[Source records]

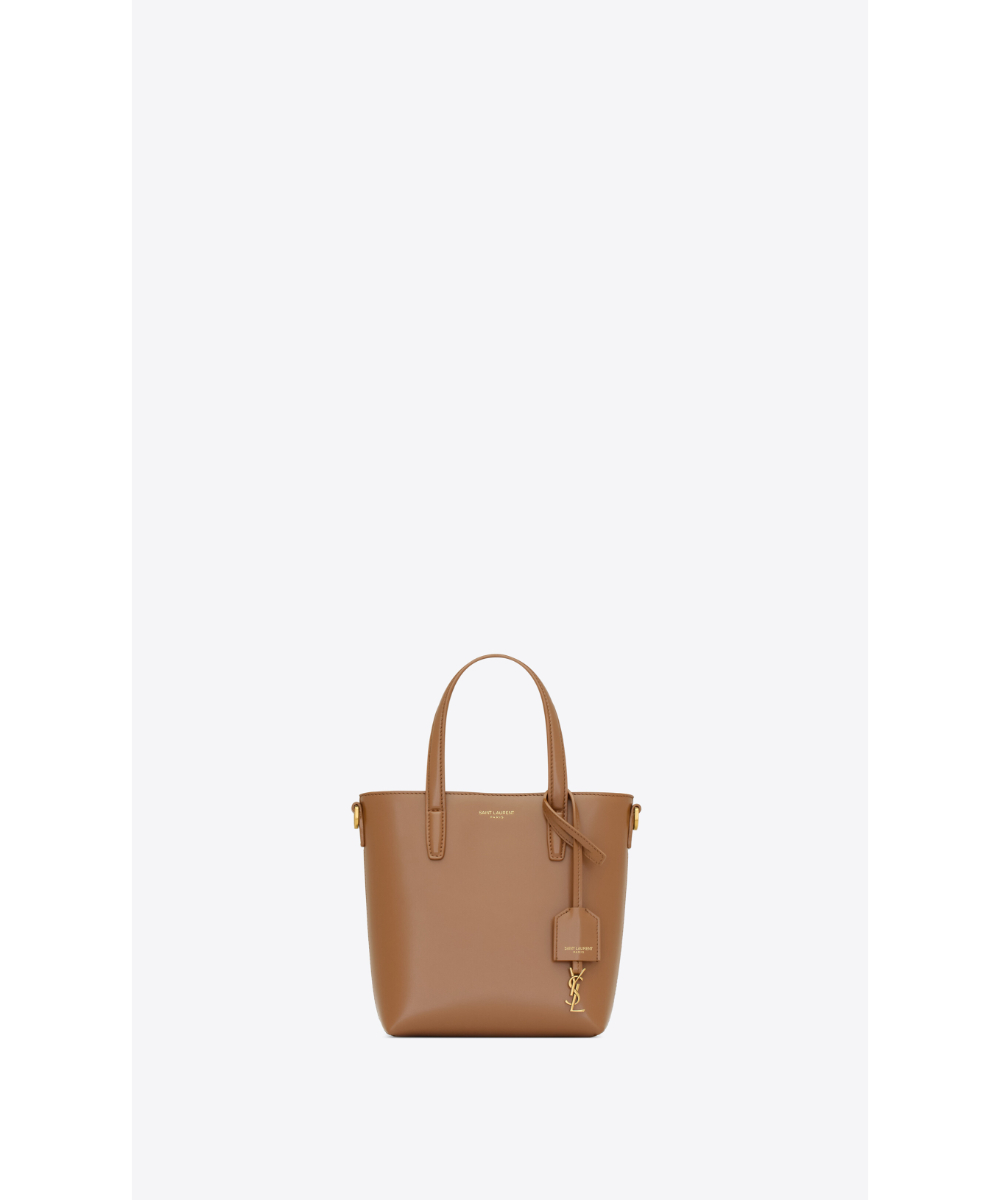 SAINT LAURENT/サンローラン_women通販 | トイ ショッピング・トート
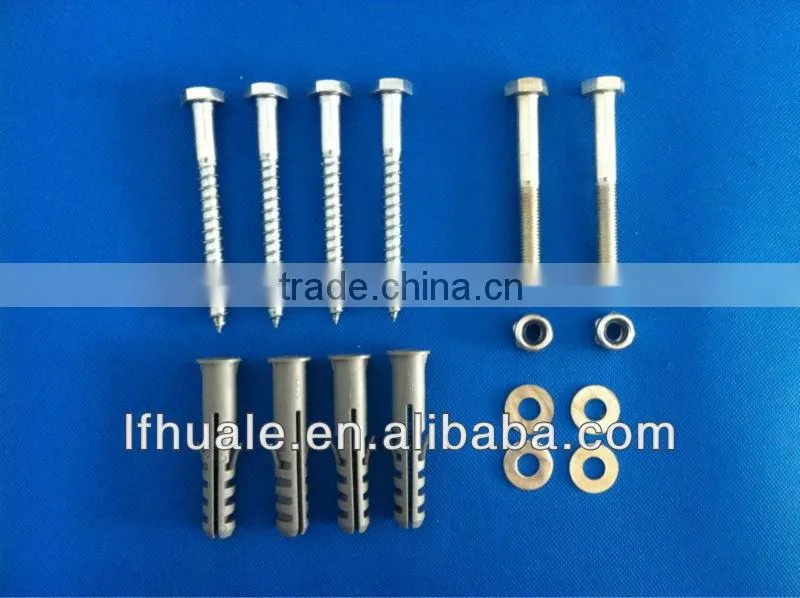 split air conditioner spare part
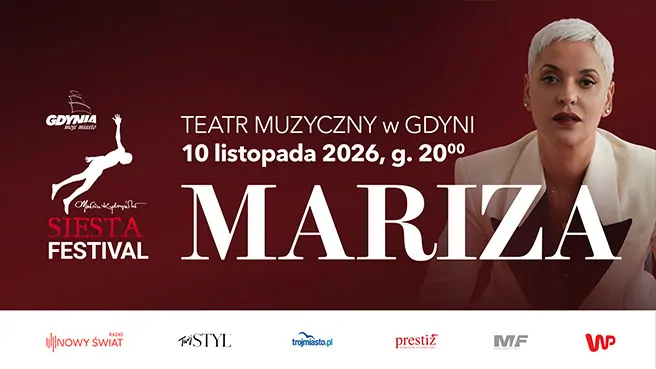 Siesta Festival 2026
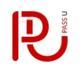 Pass U Driving School 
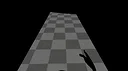 Aqua Chamber Demo Screenshot 6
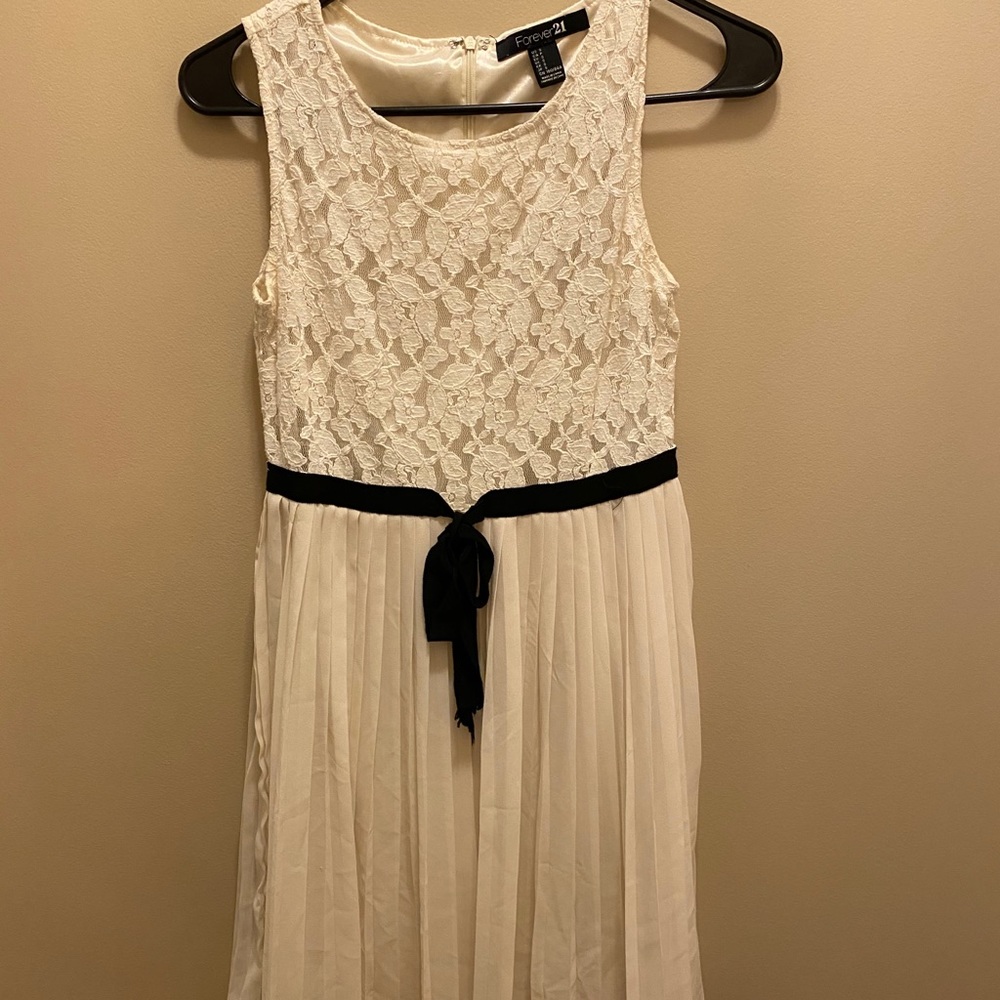 Forever 21 Dress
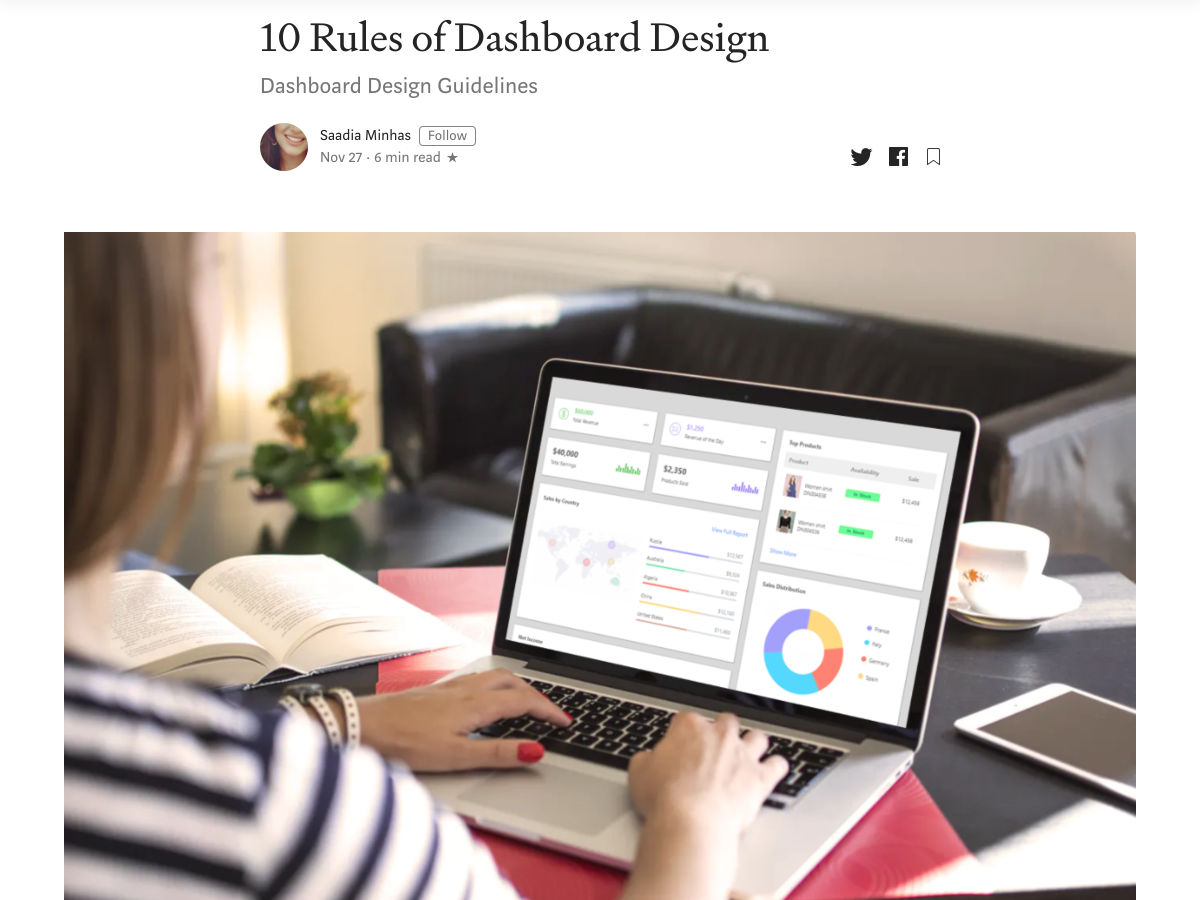 dashboard 3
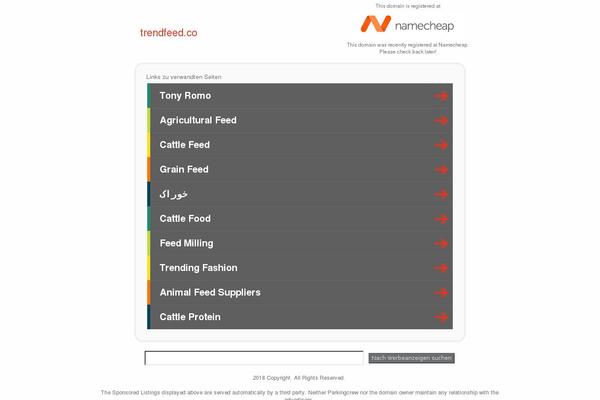Lonely Road theme site design template sample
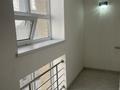 1-бөлмелі пәтер · 55.3 м² · 2/8 қабат, 41-й мкр 5 — президентский парк, бағасы: 16.5 млн ₸ в Актау — фото 5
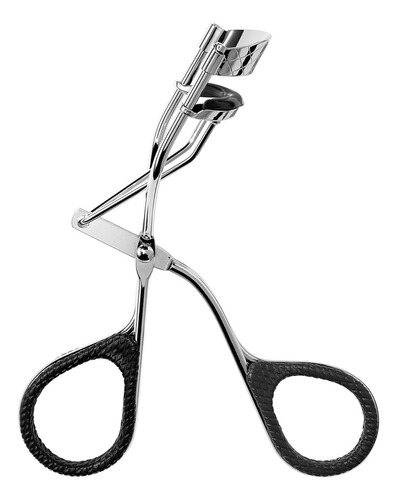 Rizador De Pestañas Lash Curler Revlon Modelo 24436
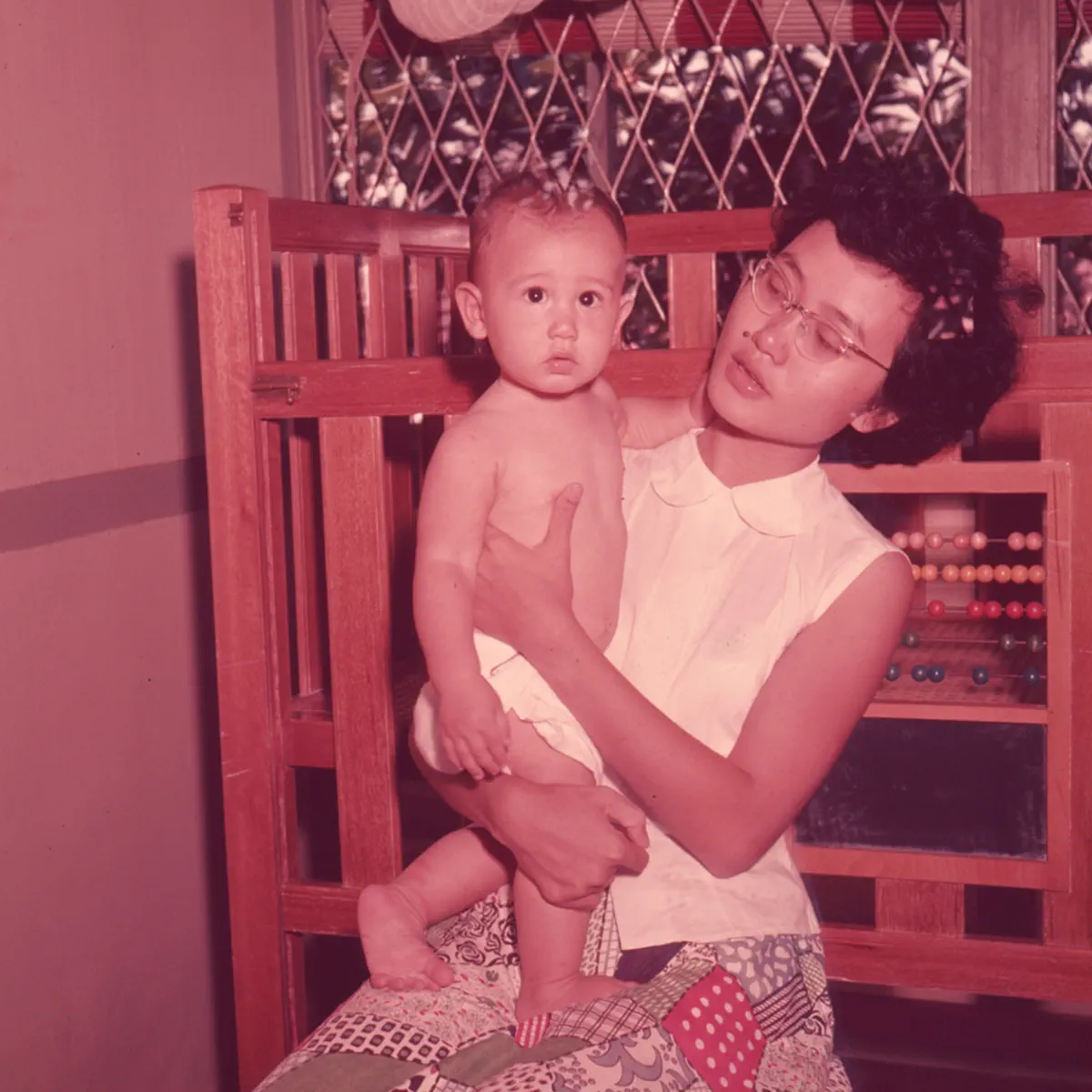 Nick Ward - House With The Blue Door (2024) [iTunes Plus AAC M4A]-新房子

### WHAT YOU HAVE TO DO
Without altering anything, output all the lines above but none of the images.

### RESULT OF THE EXERCISE
 SAINT LAURENT/サンローラン_women通販 | トイ ショッピング・トート
 split air conditioner spare part
 Siesta Festival 2026
 Pass U Driving School 
 Aqua Chamber Demo Screenshot 6
 Forever 21 Dress
 dashboard 3
Lonely Road theme site design template sample
 1-бөлмелі пәтер · 55.3 м² · 2/8 қабат, 41-й мкр 5 — президентский парк, бағасы: 16.5 млн ₸ в Актау — фото 5
 Rizador De Pestañas Lash Curler Revlon Modelo 24436
 Nick Ward - House With The Blue Door (2024) [iTunes Plus AAC M4A]-新房子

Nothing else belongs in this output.